Please don’t skip fall though, it’s my favorite.
There is a mountain right behind where I live that I have been eyeing everyday since I arrived. The mountain is called The Kramer, and it’s one of the more intermediate hikes. This meant I didn’t want to hike it solo, and it took a while to find someone with a free schedule to hike with. They say wisdom comes with age, and I have to say it’s true.
I used to venture off on solo hikes regardless of the terrain, and now I am more conscious of my safety. (My parents will appreciate this.)
It’s a good thing too, because this hike was SK-ET-CH! Granted, we (my roommate and I) went on a day it was raining (which isn’t typically a big deal for me) with limited visibility. We also planned to go the “easier” route, but discovered it was closed that day. I’m not usually one to give up easily, so we decided to go the “harder” route.
How bad could it be?
Long story short: I almost cried because I was so scared. The trail itself wasn’t overly difficult physically, but the higher we got, the steeper the drop offs on the side were. The trail was made up of loose rocks most of the way, and one wrong move meant a slip and slide to death. OK, so I’m being dramatic, but it was honestly scary at times.
So much so, that we made it about 700ft from the summit and decided to call it quits. It got to the point where it was no longer enjoyable. We were both feeling uneasy about the path (perhaps in better weather it would be ok) and decided to turn around.
The hike took us nearly nine hours, mostly due to moving so slow at the top because we were literally crawling.
Although we were only a handful of feet from the top, it would have likely taken another 45-60 minutes. We got back down and it was dark by the time we made it home, so it was a good thing we turned around when we did. I plan to try this hike again, but not in shit weather, and not from this side of the mountain.
All drama aside, I was really proud of myself on this hike. Not for my physical accomplishments, but for my mental accomplishments. This is the first hike I’ve not finished where I didn’t feel an overwhelming sense of guilt. When I first started hiking frequently in 2014, not summiting wasn’t an option. The summit was the goal.
These days I try to enjoy the journey and the company more than the summit. I felt such emotional strength to not only accept defeat, but be proud of my decision to turn around.
Another hike I didn’t officially summit here was back in April, when I thought it would be a good idea to attempt to climb the Wank when there was still snow on the mountain. I thought I was closer to the summit than I actually was, but because I didn’t officially reach the cross (there was far too much snow and it was impossible to get to) I knew I needed to hike this one again.
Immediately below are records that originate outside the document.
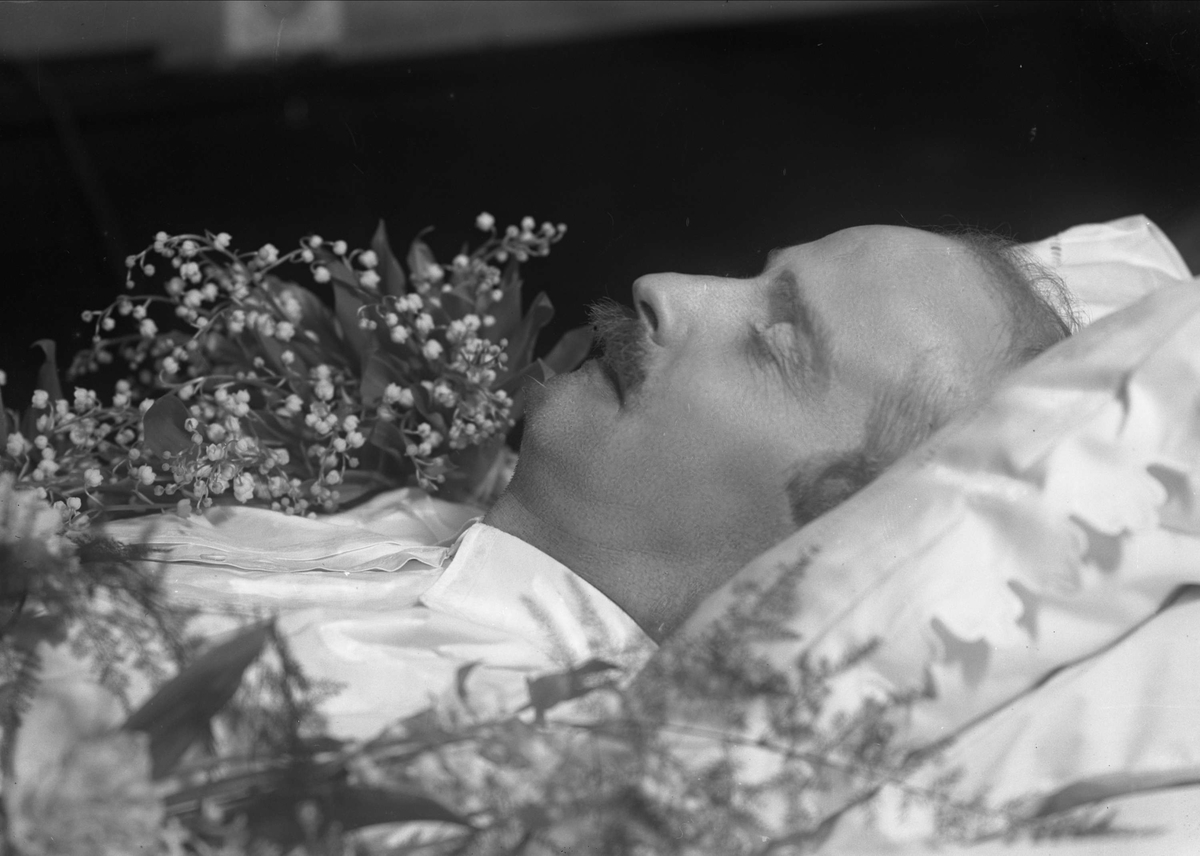Gustav Borgen, Post mortem-fotografi. Død mann i seng. Rasmus Langaard.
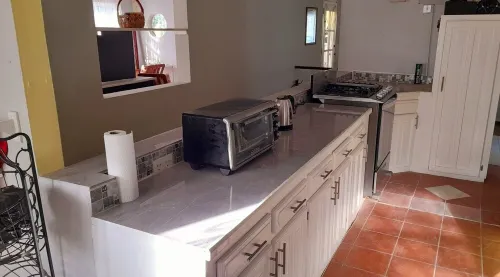 Awesome Homes - Blu View<br>7 minutes walk to the beach. Hotels in Vigie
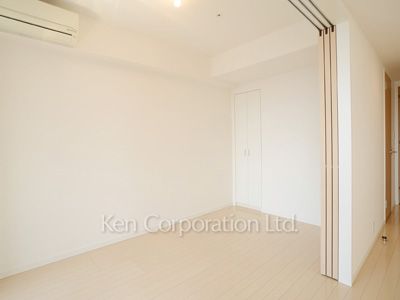 Bedroom ※Photo of the same layout on 13 floor. Decoration and fixture may differ.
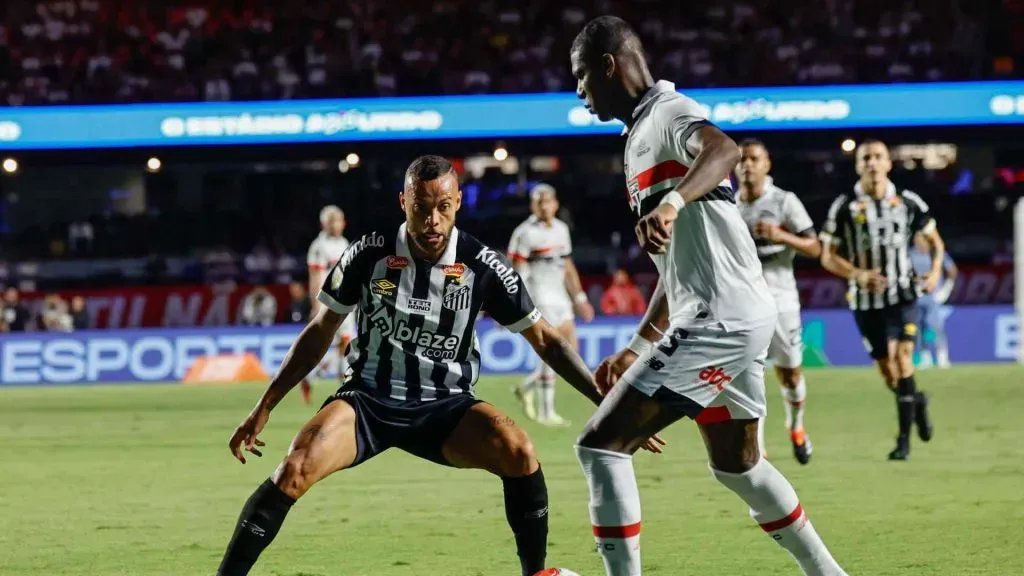 Santos capengando e São Paulo embalado no primeiro San-São de 2025. Foto: SPP Sport Press Photo. / Alamy Stock Photo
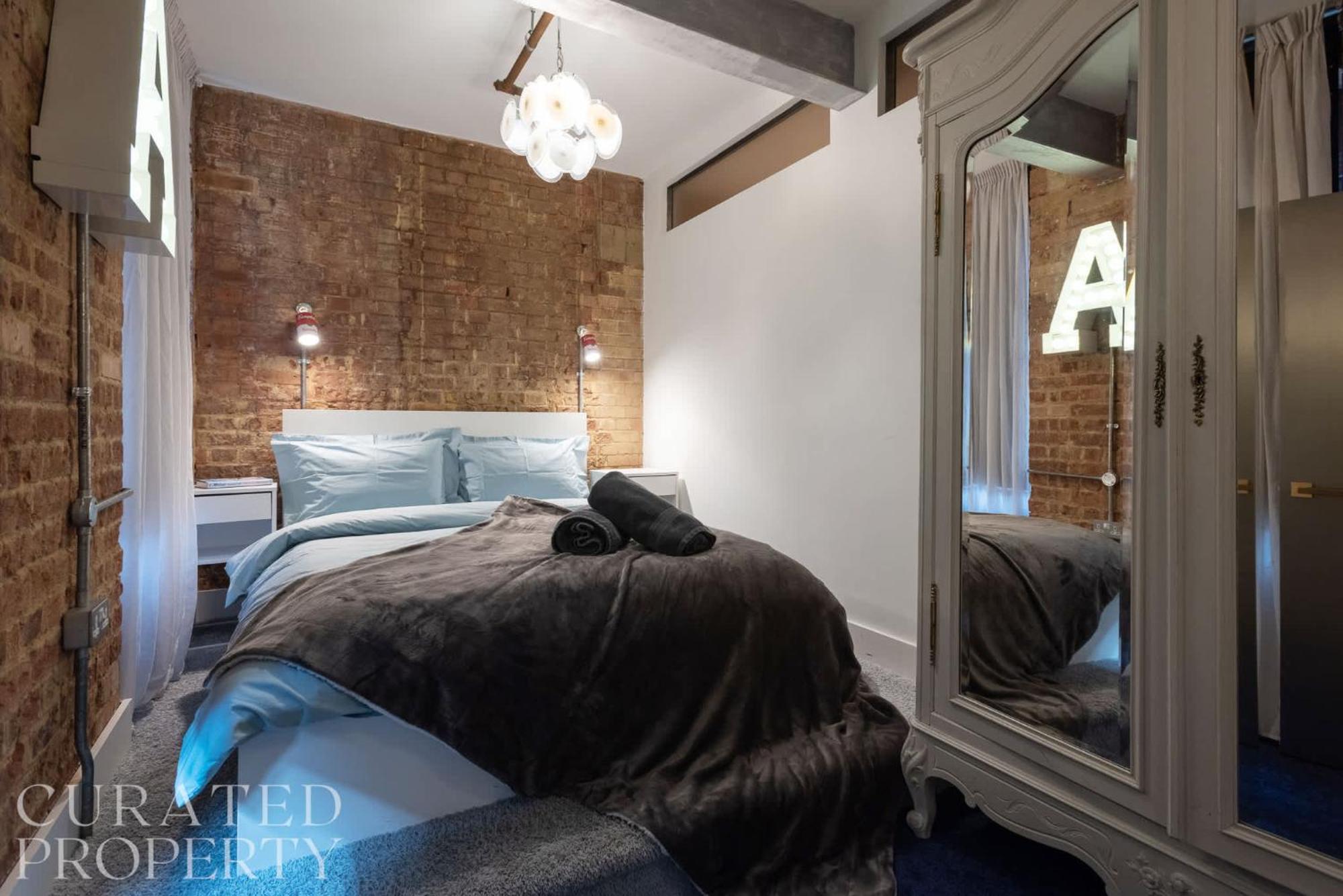 Amazingly Luxurious Loft Apartment, Soho - 3 Bedrooms, 2 Bath & Office 런던 외부 사진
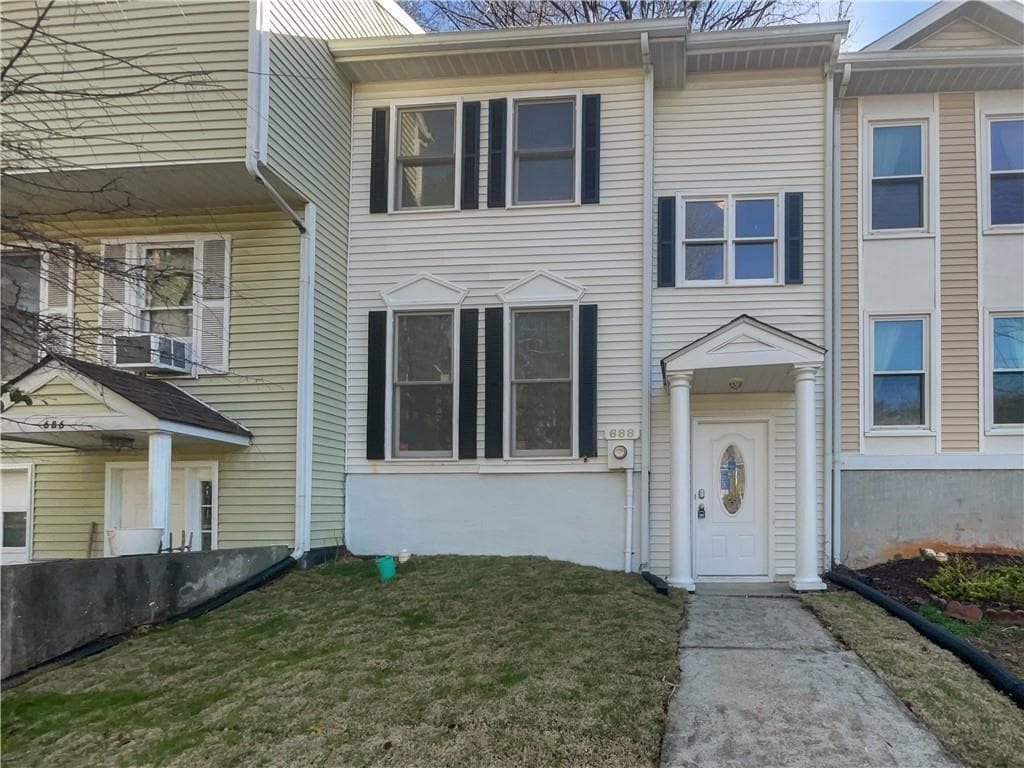 2 bedroom, 3 bathroom, 1,940 sq ft townhouse for rent at 688 Stratford Green, Avondale Estates, GA 30002 for $1,600 a month — photo 2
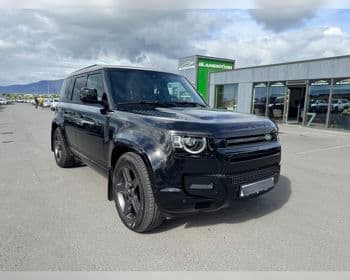 2025 Land Rover Defender SE X Dynamic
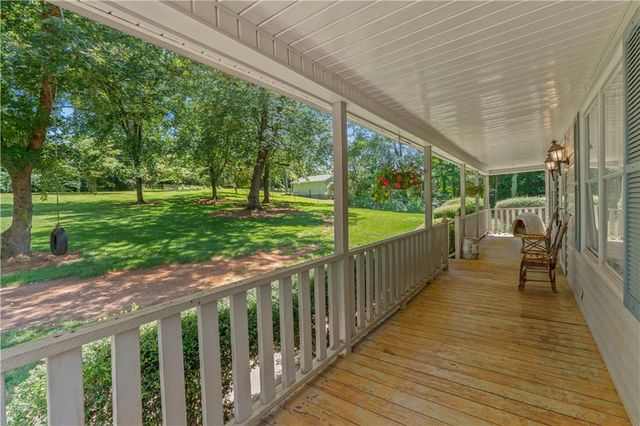 3880 Tanners Mill Road, Gainesville, GA 30507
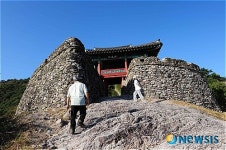 푸른 가을 하늘과 금성산성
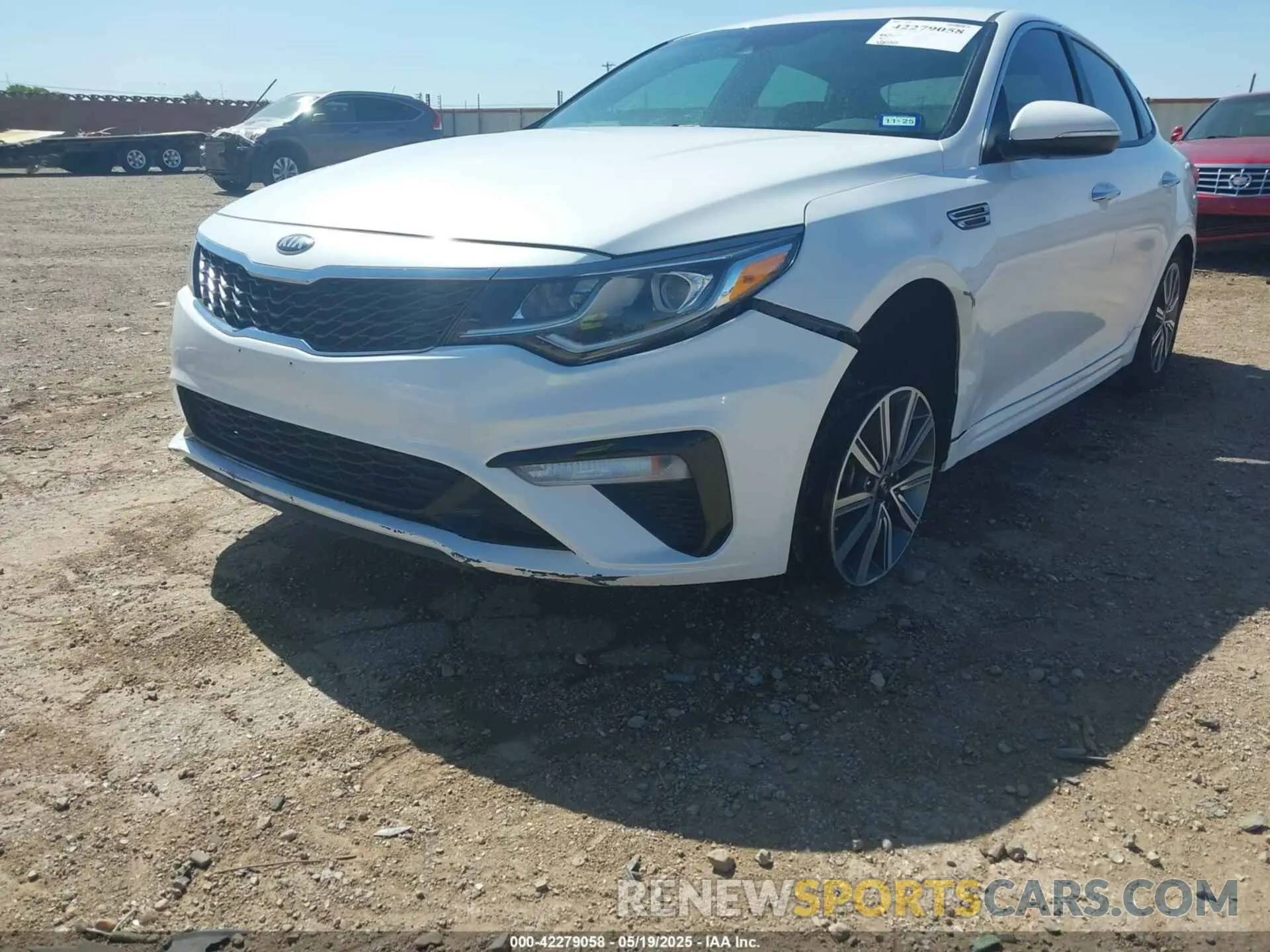 6 fotografías del automóvil dañado 5XXGT4L31KG356414 KIA OPTIMA 2019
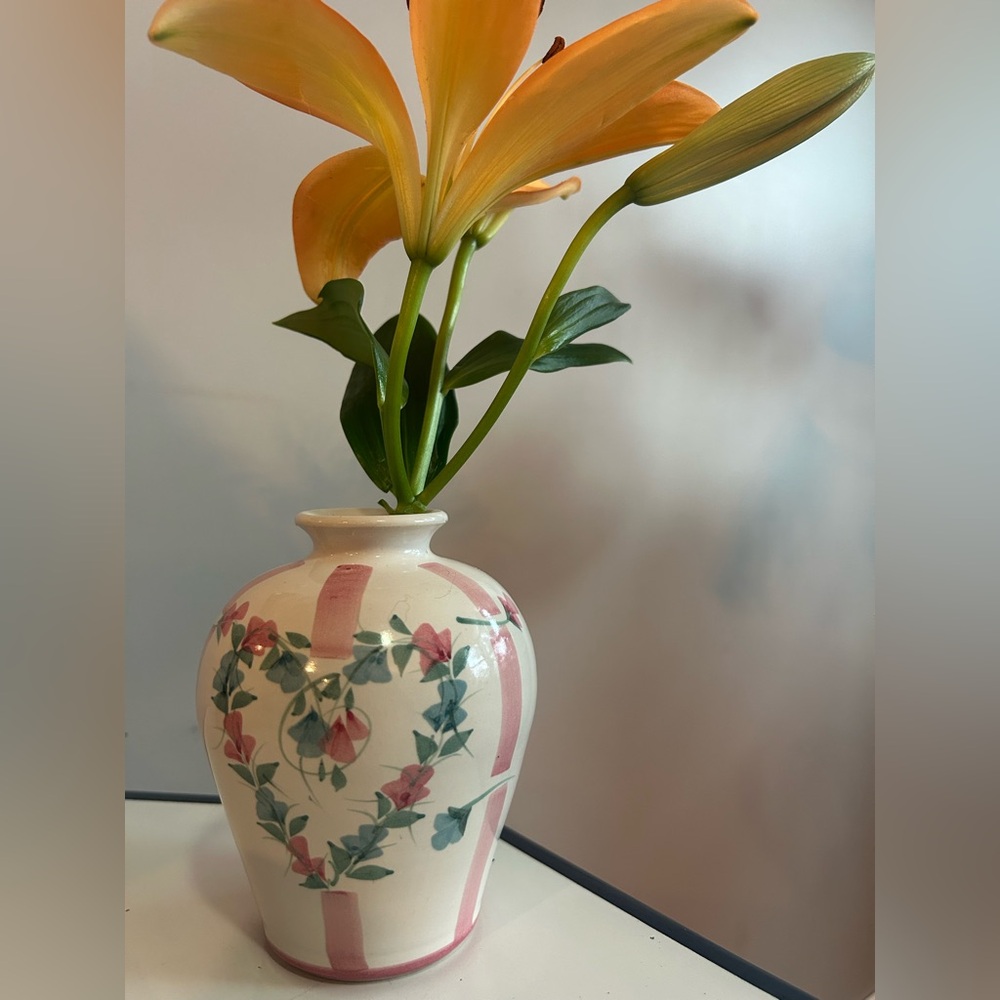 Vintage Floral Heart 🌸🩷 Ceramic Vase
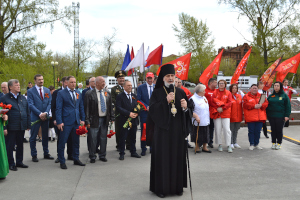 Епископ Владимир принял участие в церемонии возжжения Вечного огня в сквере Воинской славы г. Шадринска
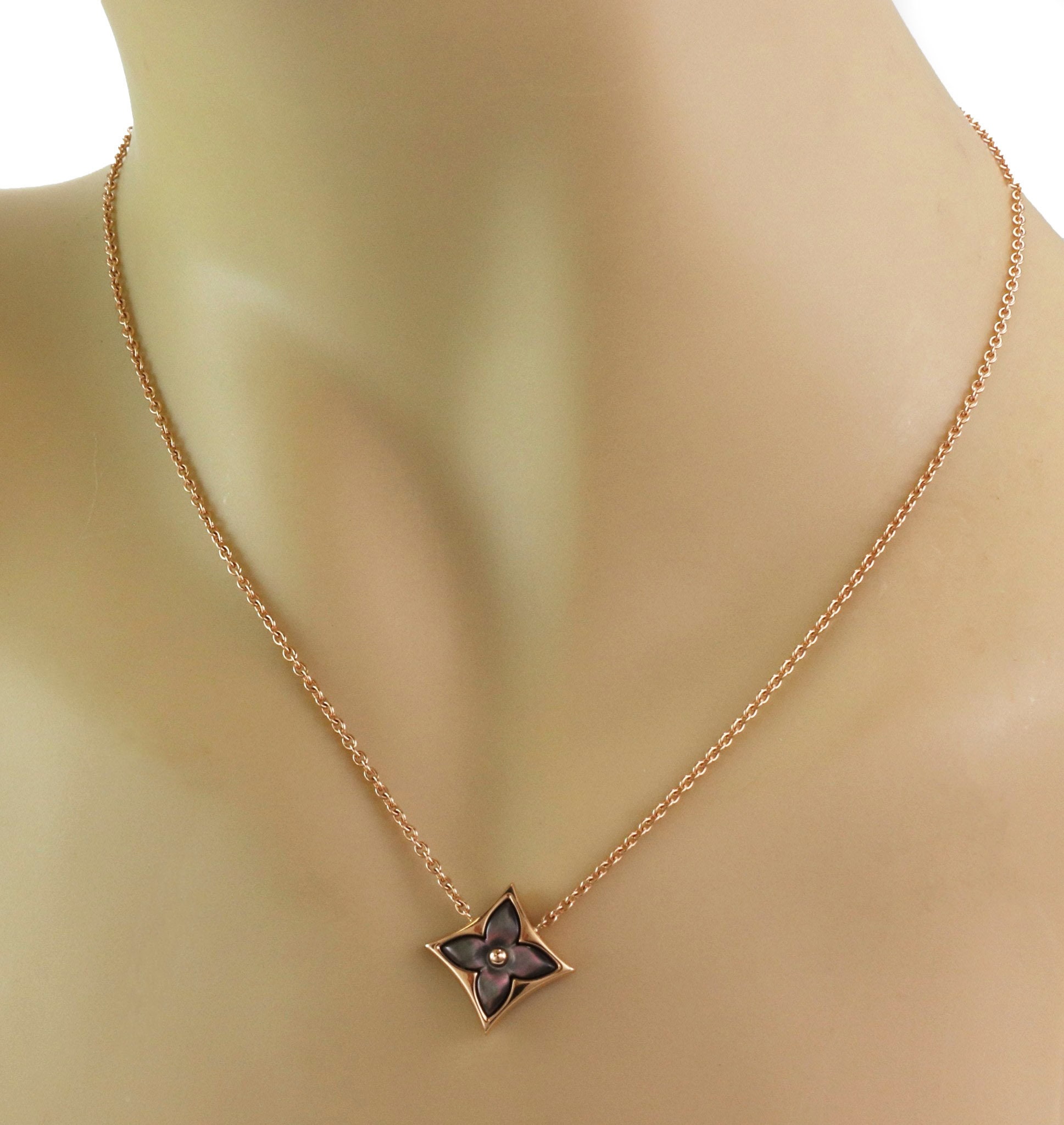 Louis Vuitton Dainty Pearl Pendant Necklace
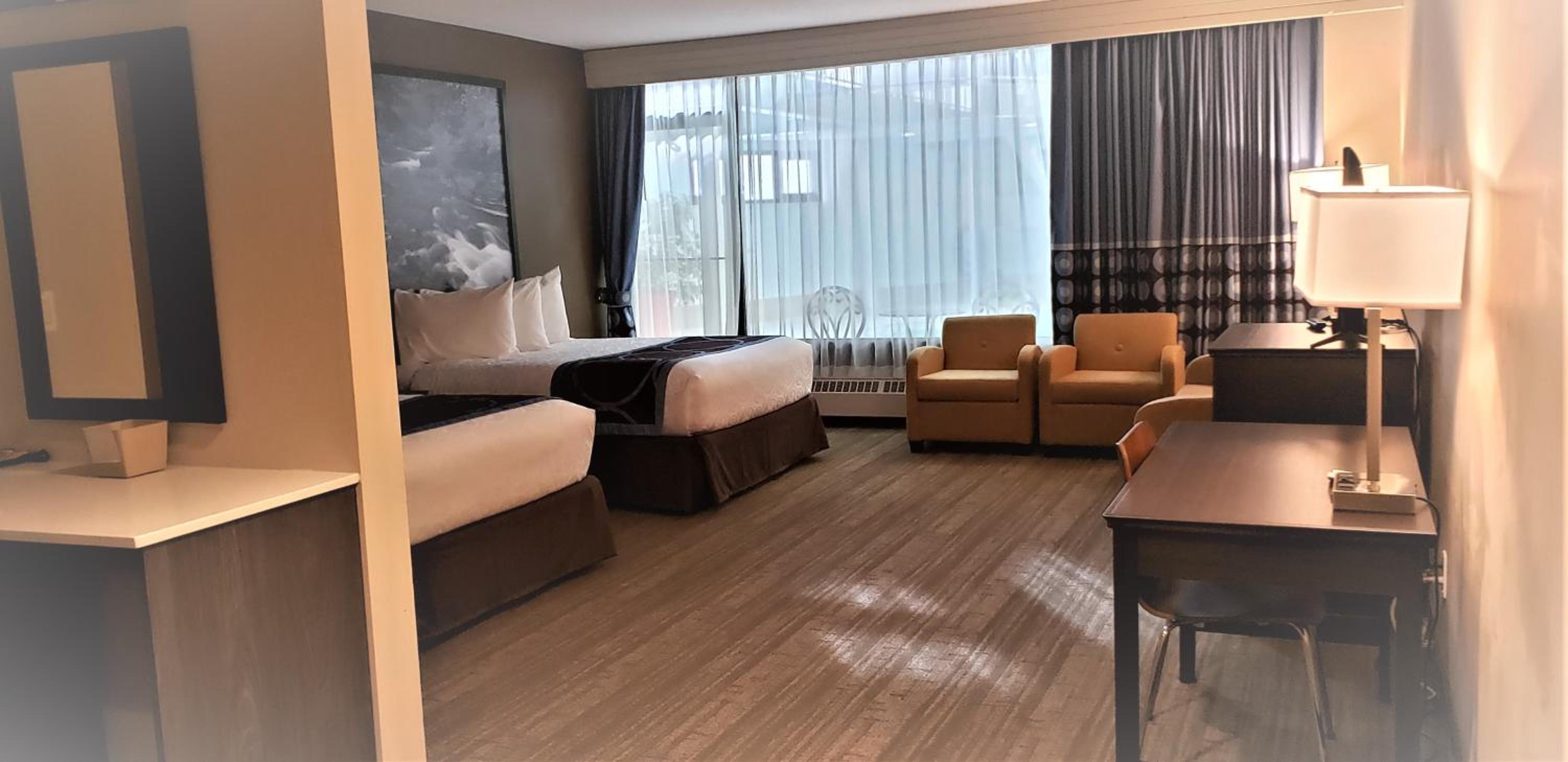 Queen Suite with Two Queen Beds and Pool View - Non-Smoking - Photo 4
We had an unexpected nice day in Bavaria a bit ago, so a group of seven of us decided to hike the Wank to take advantage of the weather. Three of the people and I worked with at Yellowstone last summer, and we hadn’t spent much time together since arriving in Germany.
We all arrived at different times (I’ve been here the longest, and one just arrived last month) and this was a great hike together.
The view from the summit of the Wank is unbelievable. I have been making an effort to sit and savor more when I reach a summit/reach a destination I physically worked to reach. I used to hit a summit, and sit for maybe 15 minutes before leaving. It would sometimes take hours to reach the summit, why wouldn’t I appreciate it more??
We hiked the Wank after work, and we were some of the last people at the top. We stayed at the top for about an hour before heading back down. The sun was setting by the time we were halfway down, providing a beautiful contrast to the surrounding mountains.
Sometimes we win some, and sometimes we loose some. I “lost” the summit on the Kramer, but I won the summit on the Wank. I lost the summit of the Wank back in April, which just means I will win the summit of the Kramer at another time. It’s ok to stop, step back, and reevaluate things.
It’s ok to readjust and plan for a better route – whether it’s on a hike, or anything else in life.
I catch myself cringing when I tell people how old I am, but I think it’s partly because I am surrounded by people younger than me. Truthfully, I am so happy to be out of my 20’s and being 30 is freaking awesome. I am wiser, I am stronger (mentally), and I am caring less and less what others think about me as each day passes. Life lessons make a bit more sense these days, and for that I love being in this decade of life.
Q: How do you handle situations like my Kramer experience?